### GIVEN RECORDS:
━━━━━━

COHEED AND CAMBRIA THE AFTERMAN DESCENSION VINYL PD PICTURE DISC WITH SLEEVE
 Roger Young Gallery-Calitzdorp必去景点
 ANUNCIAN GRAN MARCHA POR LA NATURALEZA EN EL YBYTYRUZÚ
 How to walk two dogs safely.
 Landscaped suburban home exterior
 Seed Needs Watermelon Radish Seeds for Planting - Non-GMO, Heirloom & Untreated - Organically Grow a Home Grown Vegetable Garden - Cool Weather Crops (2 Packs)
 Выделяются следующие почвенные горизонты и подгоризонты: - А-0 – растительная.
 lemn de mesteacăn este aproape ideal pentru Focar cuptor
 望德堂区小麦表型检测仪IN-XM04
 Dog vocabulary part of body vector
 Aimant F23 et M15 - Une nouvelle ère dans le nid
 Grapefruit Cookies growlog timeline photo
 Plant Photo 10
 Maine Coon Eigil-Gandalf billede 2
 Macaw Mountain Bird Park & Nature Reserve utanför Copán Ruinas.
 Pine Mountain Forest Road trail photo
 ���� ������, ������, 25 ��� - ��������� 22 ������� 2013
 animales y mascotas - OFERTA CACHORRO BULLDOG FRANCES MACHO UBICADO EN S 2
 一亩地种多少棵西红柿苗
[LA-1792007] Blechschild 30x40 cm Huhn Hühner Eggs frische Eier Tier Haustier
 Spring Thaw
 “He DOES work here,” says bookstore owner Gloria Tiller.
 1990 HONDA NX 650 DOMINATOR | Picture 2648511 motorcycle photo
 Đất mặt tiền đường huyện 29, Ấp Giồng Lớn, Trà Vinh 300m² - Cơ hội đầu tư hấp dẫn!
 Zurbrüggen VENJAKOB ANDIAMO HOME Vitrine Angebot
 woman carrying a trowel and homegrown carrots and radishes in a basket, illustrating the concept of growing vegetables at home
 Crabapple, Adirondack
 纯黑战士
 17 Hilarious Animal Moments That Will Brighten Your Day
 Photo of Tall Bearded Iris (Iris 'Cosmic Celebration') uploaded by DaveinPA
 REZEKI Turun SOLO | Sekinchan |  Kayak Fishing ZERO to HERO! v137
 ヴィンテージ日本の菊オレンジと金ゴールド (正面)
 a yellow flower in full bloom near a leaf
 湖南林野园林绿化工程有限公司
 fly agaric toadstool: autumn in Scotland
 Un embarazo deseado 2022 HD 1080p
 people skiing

━━━━━━

### PROBLEM TO WORK ON:
Wherever "Mountain" appears in the listing, report the line it is on.

### ANSWER TO THE PROBLEM:
 Macaw Mountain Bird Park & Nature Reserve utanför Copán Ruinas.
 Pine Mountain Forest Road trail photo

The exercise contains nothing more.